When I was in high school during the 80s, during the height of the AIDS scare, when homophobia seemed to be peaking, I had a number of friends who were gay. Some in the closet except to their closest friends, some out of the closet. So I was able to relate to them as people rather than as a concept.
So my mother when she found my Playboy collection:
"I guess that's normal for a boy your age. I'd be more concerned if you were looking at naked men."
Or when I supported Svend Robinson for NDP leadership:
"How can you support someone who doesn't give a damn about women?"
Or commenting on the lesbians at work:
"They seem like nice people, but how they think what they are doing is normal is beyond me."
But I paid to take her to see Philadelphia and we talked a lot about it after the movie and about acceptance vs tolerance and how people are born wired a certain way and she started to shift her beliefs.
So when my cousin came out it was no big deal. That Christmas we invited my cousin over with the rest of the family and he said that he actually fully expected to be shunned by the rest of the family.
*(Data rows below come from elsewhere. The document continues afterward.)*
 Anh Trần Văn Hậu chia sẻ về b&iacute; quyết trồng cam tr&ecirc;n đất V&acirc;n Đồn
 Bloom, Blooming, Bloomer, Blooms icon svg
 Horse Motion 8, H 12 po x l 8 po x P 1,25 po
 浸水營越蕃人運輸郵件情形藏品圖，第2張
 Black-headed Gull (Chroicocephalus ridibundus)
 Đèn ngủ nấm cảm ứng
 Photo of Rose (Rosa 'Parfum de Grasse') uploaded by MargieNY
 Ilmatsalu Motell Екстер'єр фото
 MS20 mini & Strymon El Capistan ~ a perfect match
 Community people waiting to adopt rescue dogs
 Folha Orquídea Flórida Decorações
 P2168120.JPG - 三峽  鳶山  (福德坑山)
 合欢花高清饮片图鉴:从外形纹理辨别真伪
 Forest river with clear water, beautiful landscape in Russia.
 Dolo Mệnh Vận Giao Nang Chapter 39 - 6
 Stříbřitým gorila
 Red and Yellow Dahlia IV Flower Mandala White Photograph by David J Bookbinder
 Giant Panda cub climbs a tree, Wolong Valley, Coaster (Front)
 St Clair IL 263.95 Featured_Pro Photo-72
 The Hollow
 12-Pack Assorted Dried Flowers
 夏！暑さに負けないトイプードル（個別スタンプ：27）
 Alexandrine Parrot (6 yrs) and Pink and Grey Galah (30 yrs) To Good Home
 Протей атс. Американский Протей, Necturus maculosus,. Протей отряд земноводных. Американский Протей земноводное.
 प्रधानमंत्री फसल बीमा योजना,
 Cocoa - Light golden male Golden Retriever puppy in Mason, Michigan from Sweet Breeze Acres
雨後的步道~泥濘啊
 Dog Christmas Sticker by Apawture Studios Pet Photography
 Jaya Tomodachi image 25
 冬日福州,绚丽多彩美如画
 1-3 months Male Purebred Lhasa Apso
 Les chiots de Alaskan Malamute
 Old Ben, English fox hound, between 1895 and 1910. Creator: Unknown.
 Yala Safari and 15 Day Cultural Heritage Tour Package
My mother's reply was that I had "brought her up right".
Along with a number of environmental pins and human rights pins that I had in my university backpack, the one I liked the best was my rainbow "I'm straight, but not narrow" pin.
So I think I can firmly put myself in the first group. However, looking at the poll, I must remember the 80s very differently than they actually were because I remember my views being much less popular than they would be today.